Opinião: Protestante em Formiga

Lúcia Helena Fiúza (de Belo Horizonte)

Opinião: Protestante em Formiga
Lúcia Helena Fiúza é professora aposentada




Papai, Seu Coló, era muito católico. Quando veio de Iguatama para Formiga, em 1950, passou a ser vicentino e não perdia as procissões da Semana Santa. No fim da década de 1960, ele fez parte de um movimento que, se não me falha a memória, era conhecido como Apostolado da Oração. Eu e meus irmãos, Cecília e Toninho Maria, éramos obrigados a banho cedo no domingo para a missa das oito na Matriz São Vicente Férrer.

Quando morávamos atrás do Cemitério do Rosário, papai trabalhava na Estação Ferroviária. Terminava seu turno lá pelas seis da tarde e voltava sem pressa pra casa, ia parando para conversar com quem estivesse na porta, muitas vezes, batia palmas e gritava um “ô de casa!” em um tom mais alto.  Na rua Silviano Brandão, ele falava com Seu César da Casa Geni, com o Seu Licurgo do Cartório e com o Doutor Juca do Ginásio Antônio Vieira. Acabei conhecendo todos, sempre que tinha como, subia pra casa na companhia do papai.

Eu era adolescente e ficava muito atenta e curiosa com as conversas daquelas pessoas mais velhas que meu pai dizia serem muito inteligentes. Dos seus amigos, havia um que me parecia muito simpático e agradável, ele se chamava Mariano Silva. Aquele senhor tinha sido prefeito e estava sempre sentado em uma cadeira em um alpendre logo no início da rua. Bem me lembro que usava um paletó preto, tinha cabelos brancos e era, vamos assim dizer, meio bochechudo. Uma graça.

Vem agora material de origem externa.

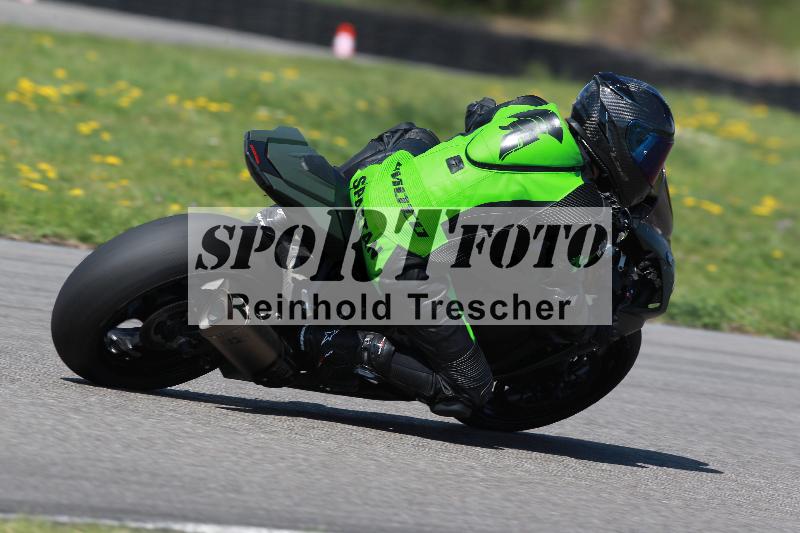 /Archiv-2022/07 16.04.2022 Speer Racing ADR/Gruppe gelb/backside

Lembro-me que era um alpendre com piso amarelo que também servia de garagem. Havia uma escada para um apartamento no segundo andar, o corrimão era de metal pintado de preto e degraus do mesmo piso.

Das várias vezes que papai e Seu Mariano conversaram, pude presenciar o ex-prefeito incomodado e triste reclamando de preconceito com relação à sua religião. Protestante histórico, ele contava que tinha de esconder sua fé em épocas de eleição, porque “tirava voto”. Dizia que os espíritas de Formiga eram vistos como caridosos e bons, mas que os protestantes eram como uma ameaça à tradição religiosa do município. Suas palavras me marcaram, eu tinha uns 14 anos e me recordo que já tinha sido orientada a nunca passar pela Rua João Vaz, onde ficava, e fica até hoje, a Igreja Presbiteriana de Formiga. A via era conhecida como Beco Protestante.

Depois daquele dia, passei a prestar mais atenção naquele senhor e o procurava no alpendre toda vez que passava na rua. Ele me reconhecia, dava um sorriso e mandava abraços para meu paiConfesso que foi um choque ver aquele senhor de respeito e já de idade se dizendo vítima de intolerância religiosa em Formiga. Nunca me esqueci.